Hello, homeowner here but I do own a copy of the Art of Steam Heating. 100 year old house, two pipe system.

I have a couple of valves that have started to leak. I have taken the guts out of one in an attempt to see if I can control that. The markings on the valve say: ISG Heat. Here are some pics:






Additionally, on one of the convectors heating is very slow which I'd like to cure. Other than the different hole sizes on the valves there doesn't seem to be any restrictor plates, orifices or traps. There are vents on the convectors. There is a loop seal at the end of the main that drops down and back up to the start of the dry return. The sole vent is at the end of the dry return main. Seems to be some type of vapor system and as such I keep the pressure as low as I can but I only have a pressuretrol.

Here is a picture of a return elbow on one of the convectors. There is no trap and I have not taken one off to see if there is some restriction in there.




Thanks for the help.

Comments

  • Jamie Hall
    Jamie Hall Member Posts: 23,275
    It is a vapour system, not sure what specific name is, and those valves should be adjusted to function in exactly the way an orifice would -- and then left alone. But you will sure need to keep the pressure lower -- it will be much happier running at less than 8 ounces, which means adding a vapourstat.

    Are you sure that there never were any crossover traps at the ends of the mains? The would help performance and evenness if they were there. Without knowing what appliances are around the boiler -- other than the dry return main vents, which are absolutely necessary -- I hesitate to suggest adding main vents on the mains; they could do a good deal more harm than good.
    Br. Jamie, osb
    Building superintendent/caretaker, 7200 sq. ft. historic house museum with dependencies in New England
    veteransteamhvac
  • veteransteamhvac
    veteransteamhvac Member Posts: 73
    Here is the end of the main and return with the drop loop as mentioned. No crossover.
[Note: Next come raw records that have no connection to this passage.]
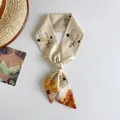 Detailed view of narrow silk scarf with elegant crane oil painting pattern on white - Brown Autumn Mountain Swallow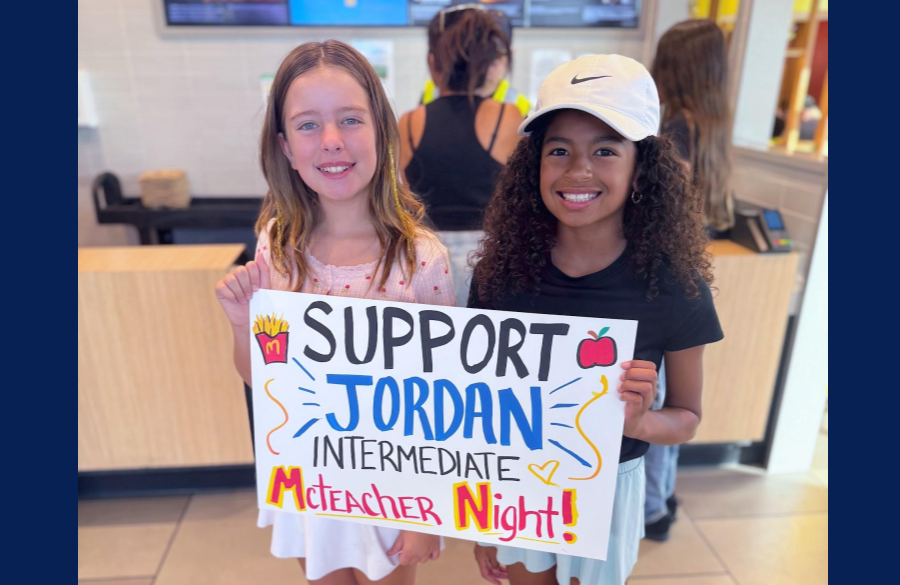students posing together with a sign advertising McTeacher Night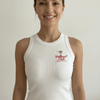 Woman smiling in the Healthy Gal™ Wellness Club Tank in white, showing the embroidered palm tree and cursive logo against a plain background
I disassembled the bottom of the loop to make sure it wasn't clogged as I do occasionally get some hammer. I do suspect that the loop doesn't quite go low enough. There was obviously a coal conversion at some point but I don't think they reconfigured for the smaller gas boiler. An addition to the house was added in the 50's and those 2 convectors lead to a wet return. They have vents and heat fabulously.



  • Steamhead
    Steamhead Member Posts: 16,830
    This may be a new Vapor species, though the loop seal reminds me of a Tudor system. Let us know what, if anything, is in those return elbows.
    All Steamed Up, Inc.
    Towson, MD, USA
    Steam, Vapor & Hot-Water Heating Specialists
    Oil & Gas Burner Service
    Consulting
    veteransteamhvac
  • Jamie Hall
    Jamie Hall Member Posts: 23,275
    Anything over 2 psi maybe less is gong to blow those loop seals and you'll get hammering -- and poor heat. Nothing to do with the coal to oil conversion or gas boiler or boiler water line -- just pure pressure difference.
    Br. Jamie, osb
    Building superintendent/caretaker, 7200 sq. ft. historic house museum with dependencies in New England
    veteransteamhvac
  • veteransteamhvac
    veteransteamhvac Member Posts: 73
    I pulled one of the 2nd floor convectors off, one that was heating poorly btw, to look at the return elbows. As suspected, 1/2" return elbows with no orifices. I have also fully disassembled the valve from the pictures above and gotten a good clue on how those operate. I will post a video soon that shows disassembly and operation.

    Here are the pics of the return elbow:







    Based on the movement of the return piping I can see that I'm going to have to raise the radiator up somewhat to make sure it is sloping back towards the downpipe.